I mumbled something vague in reply. What I had meant to say was to wonder whether the mother was really safe and sound, whether I might not have done her some harm during the operation … the thought nagged dully at my mind. My knowledge of obstetrics was so vague, so fragmentary and bookish. What about a rupture? How would it show? And when would it show—now or, perhaps, later? Better not talk about that.

‘Well, almost anything,’ I said. ‘The possibility of infection cannot be ruled out,’ I added, repeating the first sentence from some textbook that came into my mind.

‘Oh, tha-at,’ Anna Nikolaevna drawled complacently. ‘Well, with luck nothing of that sort will happen. How could it, anyway? Everything here is clean and sterile.’

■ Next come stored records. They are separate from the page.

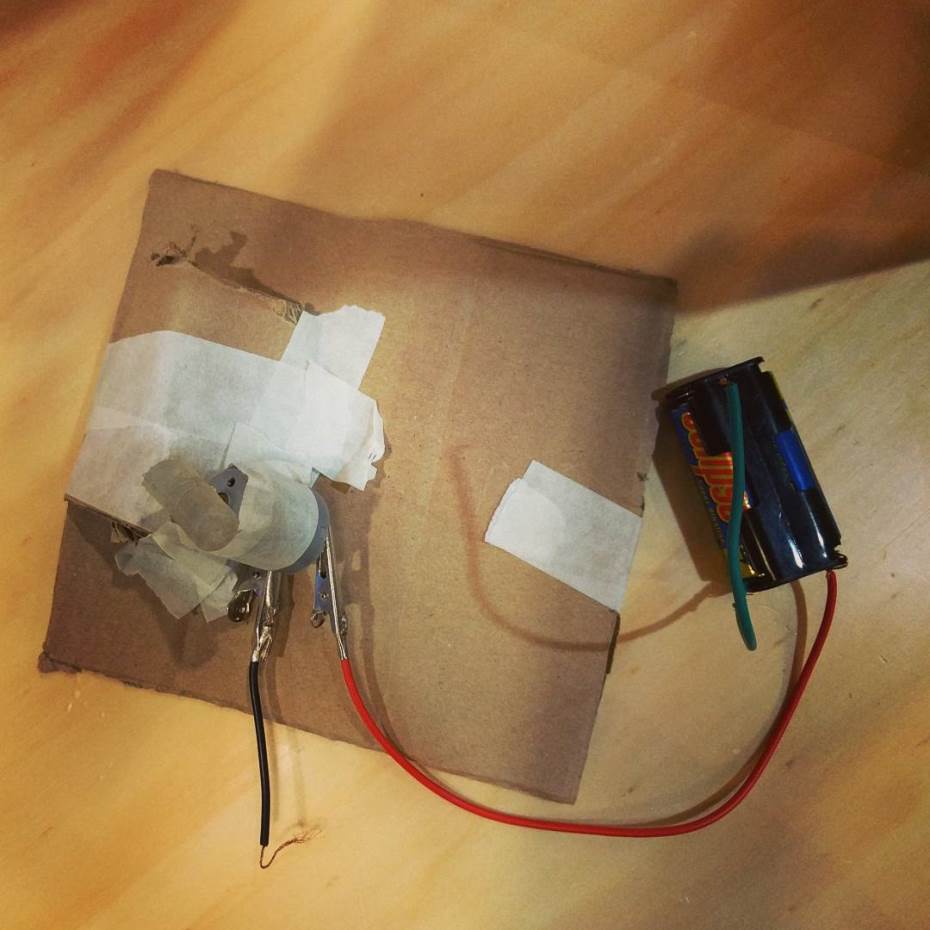 A circuit of a motor and battery taped onto a piece of cardboard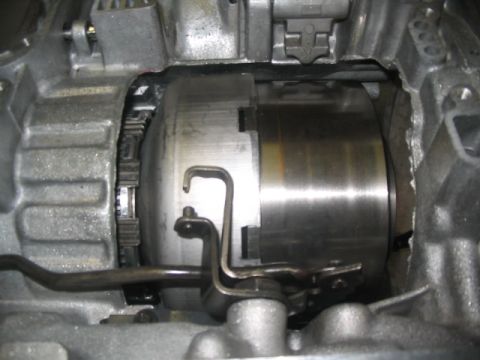 1984 Ford Bronco - This image shows the internal components of an automatic transmission, specifically the torque converter and associated linkage.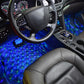 Car floor footwell lit with blue LED atmosphere lights under steering wheel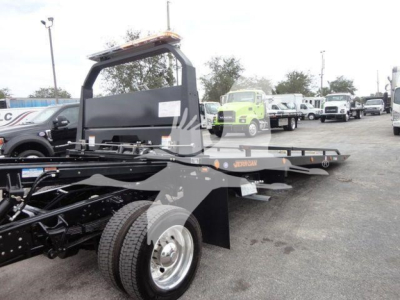 Truck rollback bed with frame and wheels visible; flatbed with hydraulic components and upright railing; background shows dealership lot with multiple trucks.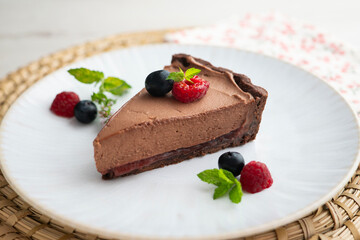 Chocolate mousse cake with red berries, blueberries, and raspberries.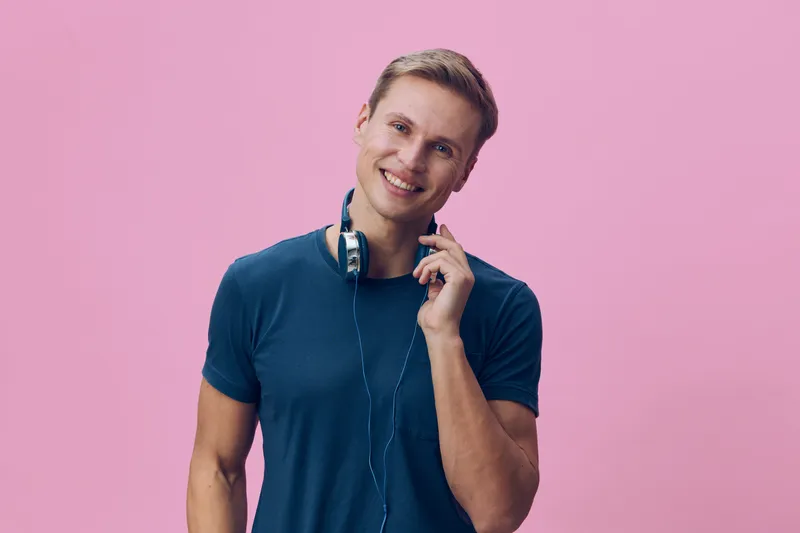 Smiling young man wearing casual blue t-shirt holding earphones in hand, looking cheerful against pink background. Studio portrait of happy man listening to music, casual style, positive mood, lifesty
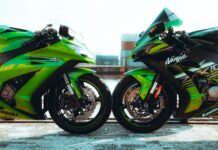 Sportowe 600 kontra nowoczesne 700: test osiągów, elektroniki i codziennej użyteczności Dwa zielone motocykle Kawasaki Ninja ustawione obok siebie na zewnątrz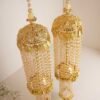 Traditional golden bridal kaleerey with pearls and leaf motifs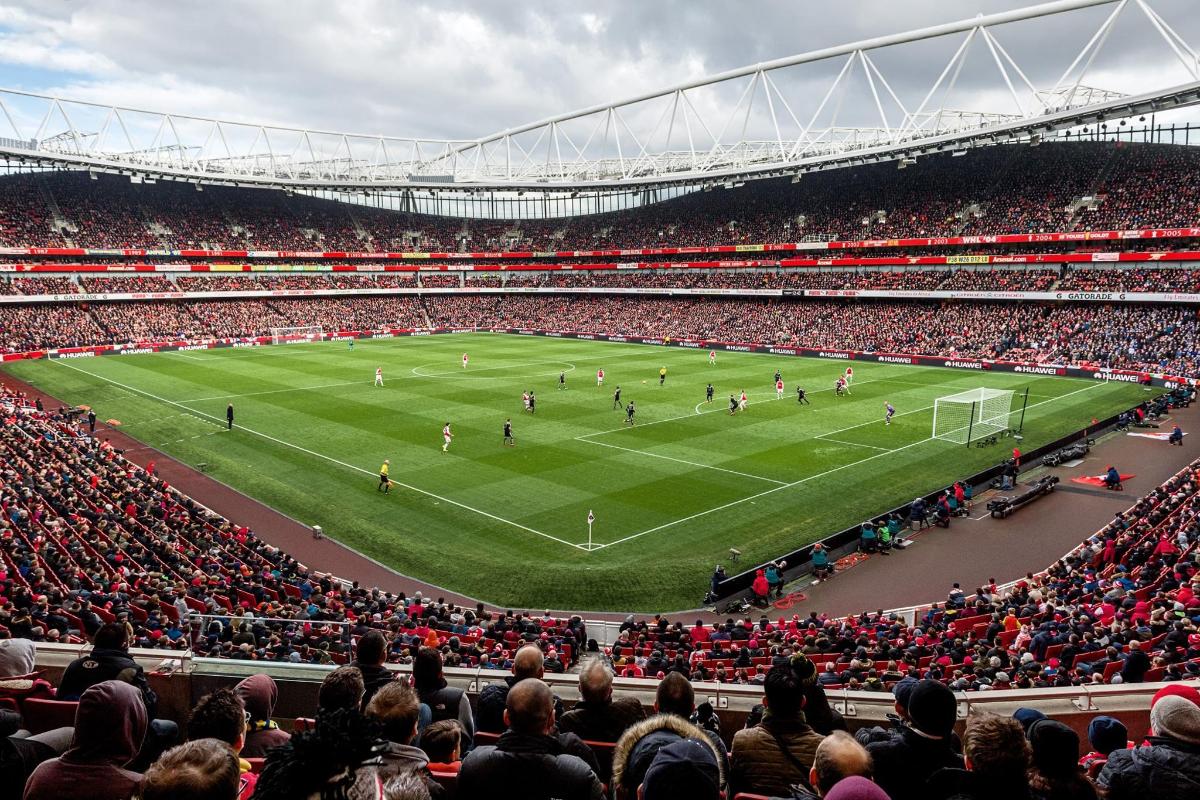 a crowd watches a soccer game in a stadium
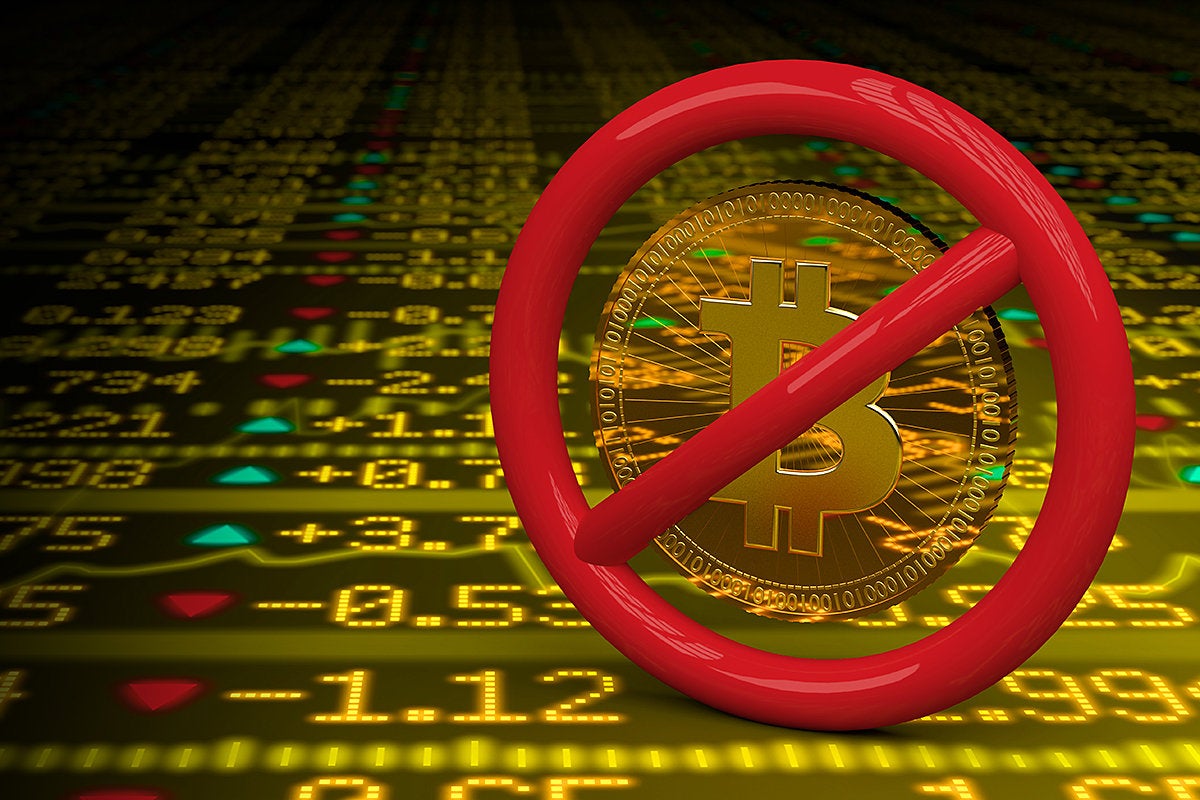 Bitcoin banned against a background of stock wall trading data.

It was after one o’clock when I went back to my room. In a pool of light on the desk in my study lay Döderlein open at the page headed ‘Dangers of Version’. For another hour after that, sipping my cooling tea, I sat over it, turning the pages. And an interesting thing happened: all the previously obscure passages became entirely comprehensible, as though they had been flooded with light; and there, at night, under the lamplight in the depth of the countryside I realised what real knowledge was.

‘One can gain a lot of experience in a country practice,’ I thought as I fell asleep, ‘but even so one must go on and on reading, reading … more and more …’

THE SPECKLED RASH

‘THIS IS IT!’ INTUITION PROMPTED ME. NO NEED to rely on my knowledge; as a doctor only six months qualified, I had none. Afraid to touch the man’s bare, warm shoulder (though there was nothing to fear), I said to him from where I stood:

‘Just move nearer to the light, would you?’

He turned the way I wanted him to, and the light of the kerosene pressure-lamp shone on his yellow-tinged skin.